Faire sa tambouille entre amis renvoie encore et surtout à la cuisine électorale à laquelle nous assistons tout au long du film : l'élection vue comme une loterie, le chantage comme un mode de négociation et, au milieu de tout cela, un fils qui trahit son père spirituel. La gastronomie, art noble et fierté française, devient tambouille politique. Au cours du film, la visite de la garde-robe de Vincent Lindon ne nous donne pas d'autre recette pour réussir : tout est question de taille de costume et de choix de paire de chaussures. L'habit fait le politique, l'apparence fait le rôle. Comme si, pour ces décideurs dérisoires enfermés dans leur tour d'ivoire, il ne s'agissait soudain plus d'agir mais de communiquer, non plus de faire mais d'avoir l'air. Dans Pater, il n'est question que de jeu, toujours et partout, et d'interprétation : savoir être un bon ministre, un bon acteur, un bon-homme, un bon fils. Vertige d'une modernité où la fiction tend à supplanter le réel.

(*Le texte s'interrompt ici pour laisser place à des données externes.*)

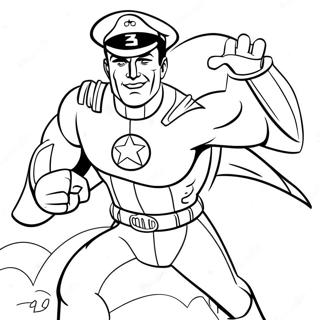 Kaptein Mann I Aksjon Fargeleggingsark 63664-50387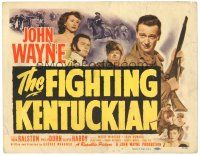 9d050 FIGHTING KENTUCKIAN TC '49 rougher, tougher & more romantic John Wayne + Oliver Hardy!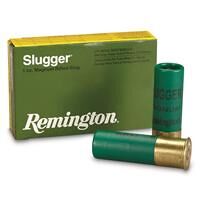 Remington, Slugger, 12 Gauge, 3" Shell, 1 oz. Rifled Slug, 5 Rounds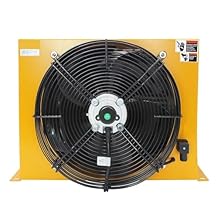 AH1417T-CA 150L/min Air Cooler Radiator, Sheet CNC Machine, Hydraulic Oil Reduction High Temperature Oil Fan Rapid Reduce TemperatureDC24V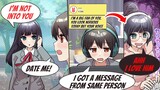 I got declined by a cool and beautiful girl but She's a big fan of My Live streaming 【Manga dub】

Par sa forme indéfinissable, ce film traduit de manière particulièrement habile la dimension fictionnelle qui dissout la réalité du monde contemporain. La liberté absolue et le propos cavalier de ce work in progress font le restent, emportant le spectateur sur des chemins de traverse où il fait bon se perdre pour retrouver le plaisir d'un pique-nique en forêt, d'un pastis entre amis ou d'une sieste avec un boulanger. Un film rieur et salvateur. Un Pater que nous faisons nôtre.